Al Collegio Capranica è anche affidato, da più di un secolo, il servizio liturgico in alcune celebrazioni nella Basilica Papale di Santa Maria Maggiore. Di tanto in tanto siete coinvolti anche nelle liturgie che celebriamo in San Pietro. Vi ringrazio di questo e, allo stesso tempo, vi esorto ad avere, nei confronti delle “vicinanze” a cui ho fatto riferimento poco fa, la stessa cura che ponete nella liturgia. Non c’è liturgia cristiana se ai gesti che compiamo non corrisponde una vita di fede, speranza, carità.
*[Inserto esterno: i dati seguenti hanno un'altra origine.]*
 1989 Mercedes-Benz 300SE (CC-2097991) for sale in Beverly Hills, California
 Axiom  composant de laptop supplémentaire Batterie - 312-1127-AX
La carità si esprime in modo concreto, non con parole, nel vostro Collegio, anche attraverso un piccolo ma prezioso servizio di assistenza a persone bisognose che sanno di poter trovare in voi un sostegno per affrontare con meno fatica il peso della vita. Vi aiuti anche questo servizio a non “vaneggiare”, come avviene quando si perde il contatto con chi si trova in situazioni di marginalità e di disagio. Quando io confesso, domando, quando c’è l’opportunità: “Lei fa elemosina?” – “Sì, sì, la faccio” – “E quando fa l’elemosina, guarda gli occhi della persona e tocca la mano, o butta la moneta e va avanti senza guardare?”. Non è tanto l’elemosina l’importante, ma quel rapporto con il povero, con Gesù povero lì presente. Guardare gli occhi, toccare le mani.
Grazie di essere venuti! Benedico tutti voi, gli ex-alunni, coloro che sostengono in tanti modi il Collegio, le vostre famiglie, i vostri Vescovi e le vostre Chiese locali.
E per favore, pregate anche per me, quando vi rivolgete con fiducia all’intercessione di Maria Salus Populi Romani e della giovane vergine martire Agnese. Grazie tante!